-- Short web captions --
****************************************
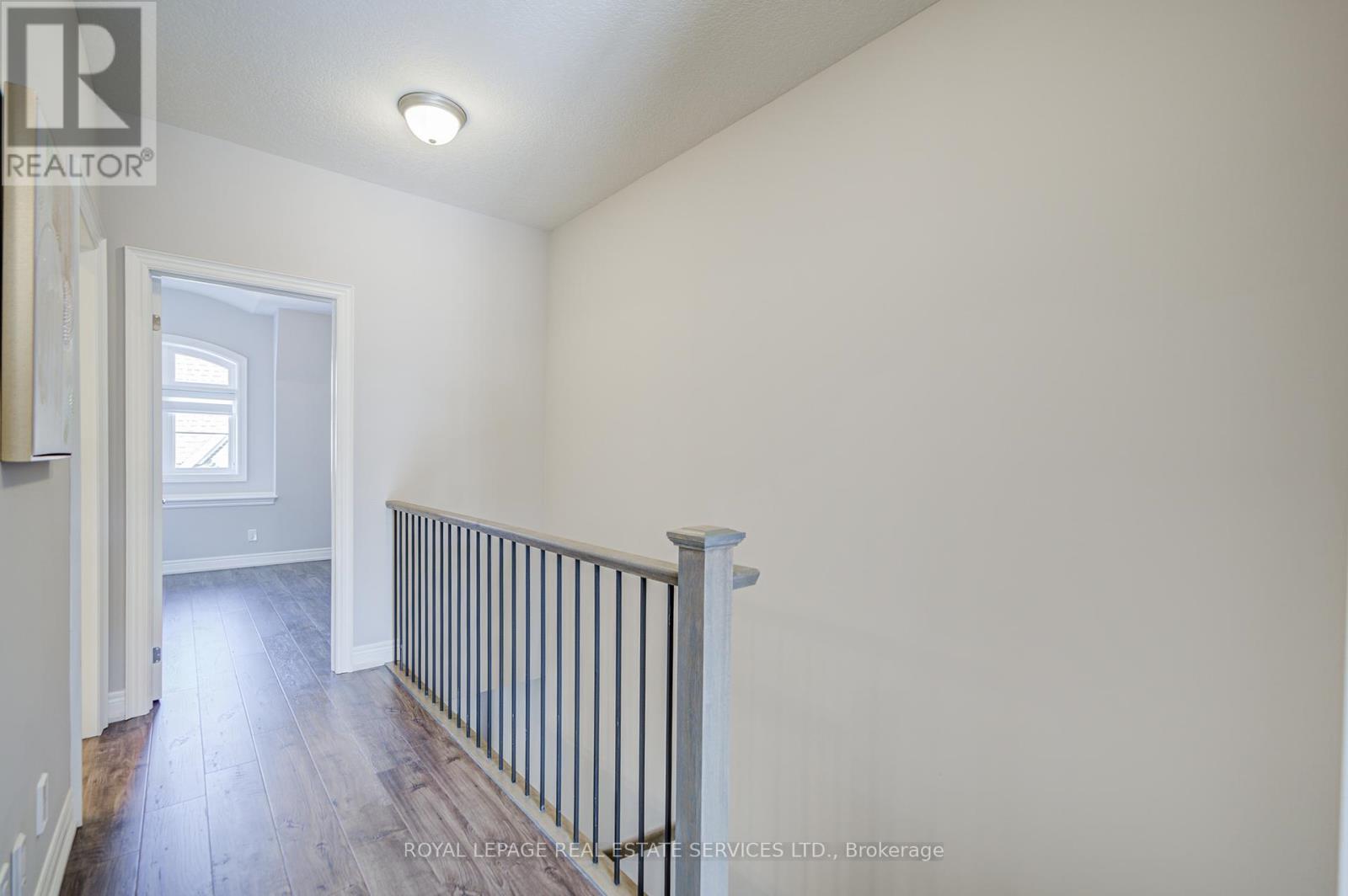 23 - 270 Melody Common, Oakville (Ro River Oaks), Ontario  L6H 8A5 - Photo 17 - W12390723
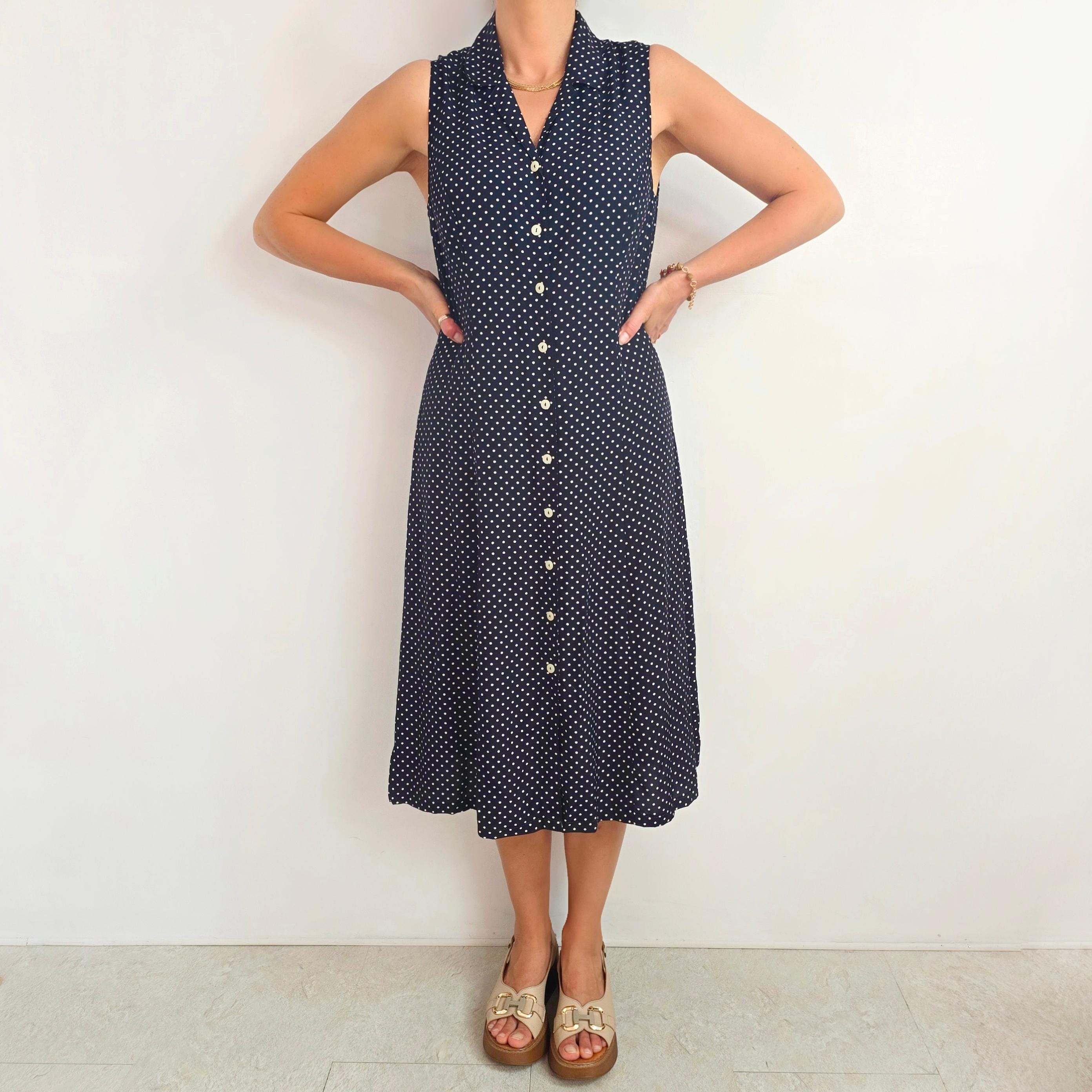 pistola denim dresses Nina Mini Dress-IGGY ***FINAL SALE*** – Hand In Pocket Perfect for seasonal dressing dusty blue Sexy Club Dress Women Color:Iridescent/White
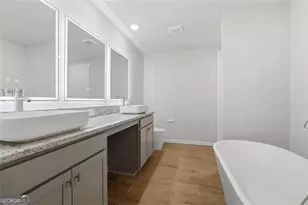 5284 Magnolia Grove Way, Gainesville, GA 30504 - Photo 20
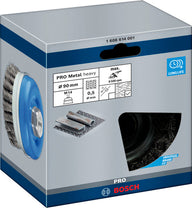 [variant][1.608.614.002]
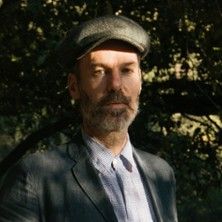 Piers Faccini - Concert à Chambery au Espace Malraux le 13 mai 2027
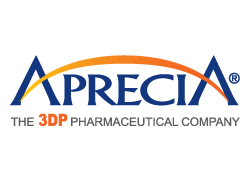 aprecia aprecia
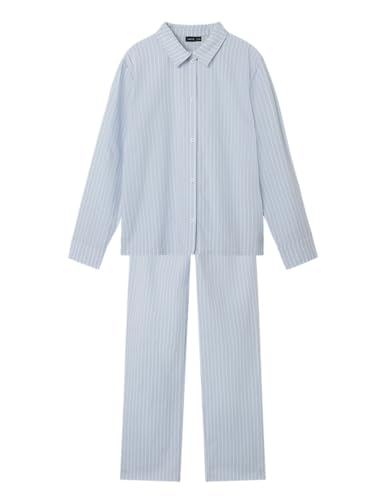 NAME IT Nlnstripy Pyjamas Set von NAME IT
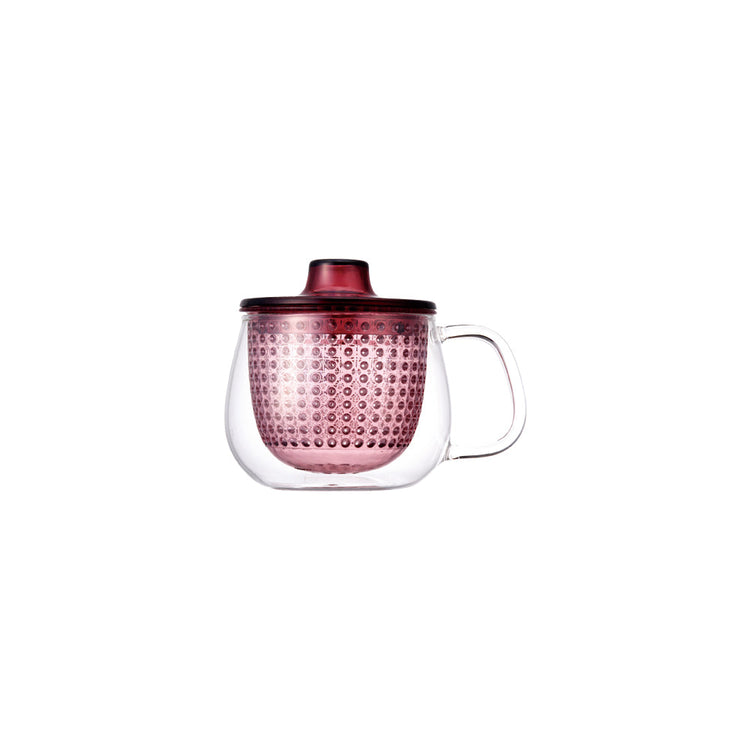 Kinto | Unimug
****************************************
-- Aim of the task --
Each line from the one containing "pistola denim dresses" to the final line of the data must be printed exactly, both included, with nothing else and no pictures.

-- Exercise output --
 pistola denim dresses Nina Mini Dress-IGGY ***FINAL SALE*** – Hand In Pocket Perfect for seasonal dressing dusty blue Sexy Club Dress Women Color:Iridescent/White
 5284 Magnolia Grove Way, Gainesville, GA 30504 - Photo 20
 [variant][1.608.614.002]
 Piers Faccini - Concert à Chambery au Espace Malraux le 13 mai 2027
 aprecia aprecia
 NAME IT Nlnstripy Pyjamas Set von NAME IT
 Kinto | Unimug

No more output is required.